BRUSSELS — E.U. leaders on Thursday agreed to more than $50 billion in aid for Ukraine, overcoming opposition from Hungary to secure critical funding as battlefield progress stalls and support from the United States looks uncertain.

In emergency meetings in Brussels, Hungarian Prime Minister Viktor Orban, who has spent months railing against the aid, finally agreed to sign on — though the terms remain unclear.

The agreement is a win for E.U. leaders who have increasingly struggled to work with Orban on key issues, particularly Russia’s war in Ukraine, and it is good news for Ukraine, which is running desperately short of both ammunition and cash.

With Hungary blocking Ukraine aid, E.U. desperate for workarounds

“This locks in steadfast, long-term, predictable funding for Ukraine,” said European Council President Charles Michel, announcing the deal.

The E.U., he said, “is taking leadership & responsibility in support for Ukraine; we know what is at stake.”

Ukrainian President Volodymyr Zelensky welcomed the news. “Continued E.U. financial support for Ukraine will strengthen long-term economic and financial stability, which is no less important than military assistance and sanctions pressure on Russia,” he wrote.

“It is very important that the decision was made by all 27 leaders,” he also noted, “Which once again proves strong E.U. unity.”
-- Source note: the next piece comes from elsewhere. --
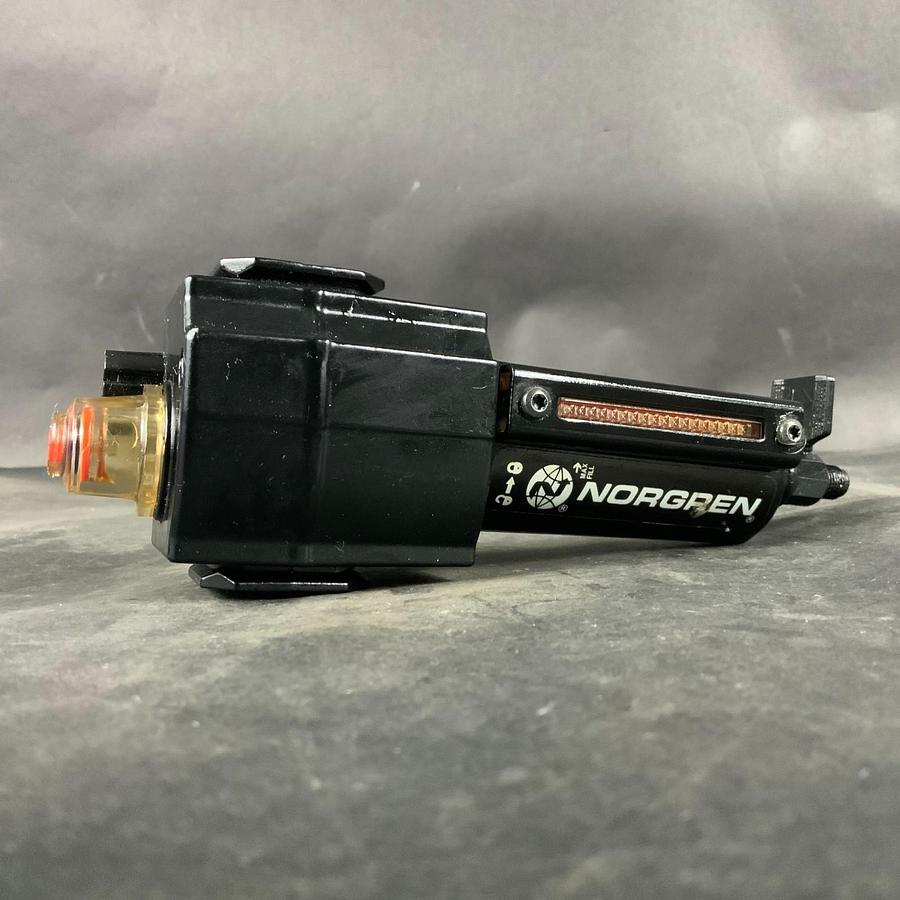 Used NORGREN L73M-4AP-QDN PNEUMATIC LUBRICATOR ($35 OBO)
But weeks of fraught negotiation have spotlighted how a single strongman can disrupt the E.U., even on issues, like Russia, that many see as “existential” for the union. And it has hinted at how precarious and unpredictable long-term support for Ukraine could be.
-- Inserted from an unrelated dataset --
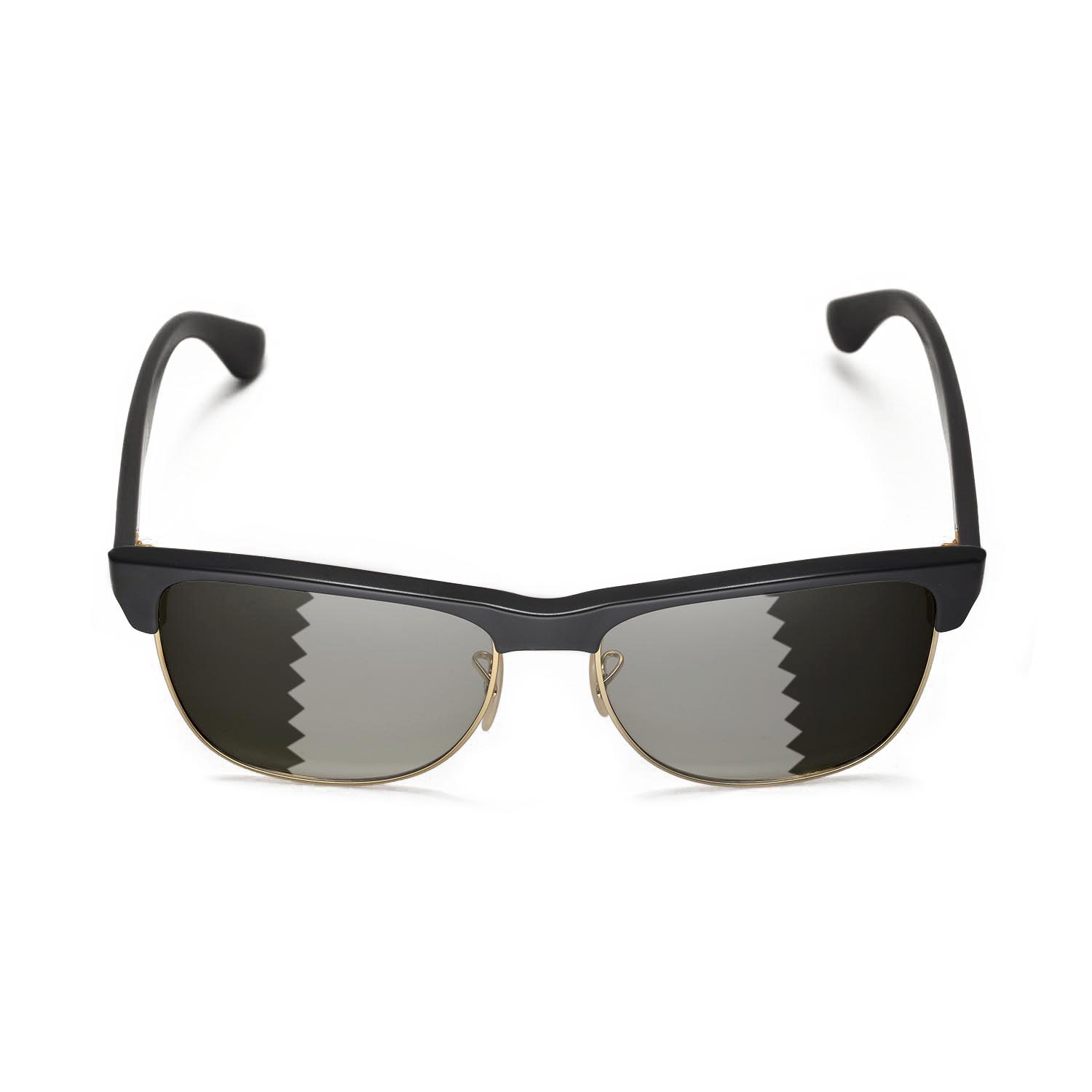 Walleva Polarized Transition Lenses For RayBan RB4175 57mm Sunglasses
As if to underscore the sense of uncertainty and chaos, the summit took place amid massive protest by farmers who arrived in tractors, blocked traffic and set fires in the heart of the city. They called on leaders to focus more on cost-of-living issues, including high taxes and what they see as excessive regulation from Brussels.
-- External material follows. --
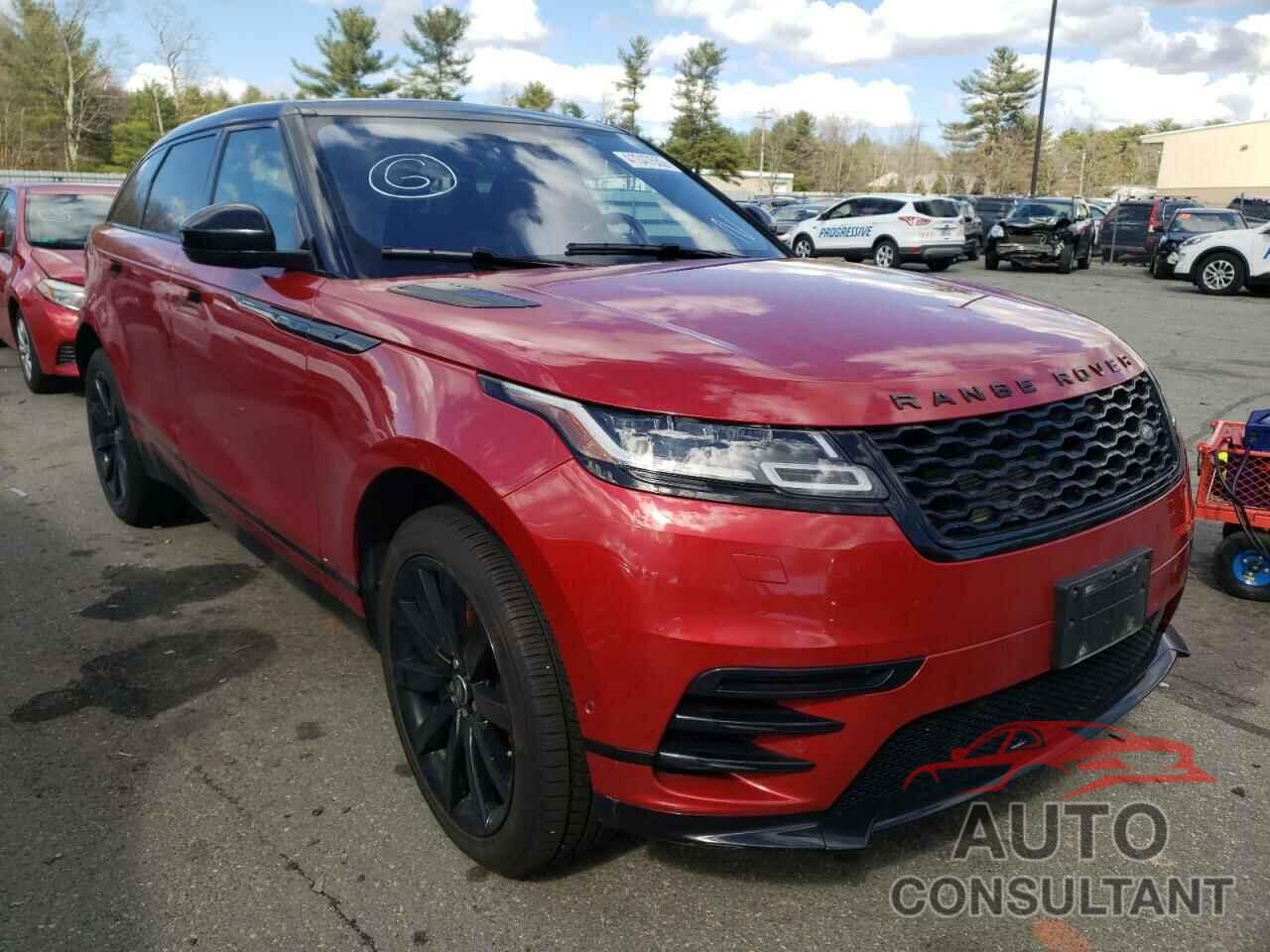 LAND ROVER RANGEROVER 2018 - SALYL2RX6JA728058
Hungary quickly seized the moment, posting a video of Orban meeting with farmers and aligning his cause — fighting Brussels — with theirs. “We will stand up for the voice of the people! Even if the bureaucrats in Brussels blackmail us,” he posted.

Bad blood between Brussels and Budapest is not new. For years now, Orban has clashed with E.U. officials and leaders, using his acrimony — and veto — to extract concession while playing to populist sentiment at home.

But in recent months, as he has repeatedly blocked E.U. efforts to secure stable funding for Ukraine, he seems to have crossed a new line. Fellow leaders see his latest antics as a genuine threat to European security — and are increasingly willing to talk about working around him.

In the lead-up to the summit, top E.U. officials and leaders sought to pressure Orban to come back to the table and made plans to move forward without him by, for instance, cutting a deal between the 26 other member states without him.

A paper written up by Council of the E.U. and leaked to the Financial Times ahead of the summit explored ways that E.U. countries could deliberately rattle Hungary’s economy to get Orban on board.

The leak was widely seen as an E.U. effort to bring Hungary back in line.